**Assigned task:**
Copy word for word, please, the lines of the entries below running from the one containing "چاقو تیغه 22 سانت دسته چوبی حیدری" to the one containing "American Flag And", both ends included.

**Exercise input:**
_ _ _

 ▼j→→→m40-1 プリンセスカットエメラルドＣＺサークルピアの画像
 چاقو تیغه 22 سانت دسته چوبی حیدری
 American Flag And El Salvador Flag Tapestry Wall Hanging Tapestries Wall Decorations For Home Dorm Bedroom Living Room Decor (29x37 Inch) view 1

_ _ _

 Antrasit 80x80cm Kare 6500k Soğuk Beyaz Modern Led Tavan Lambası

_ _ _

**Completed task:**
 چاقو تیغه 22 سانت دسته چوبی حیدری
 American Flag And El Salvador Flag Tapestry Wall Hanging Tapestries Wall Decorations For Home Dorm Bedroom Living Room Decor (29x37 Inch) view 1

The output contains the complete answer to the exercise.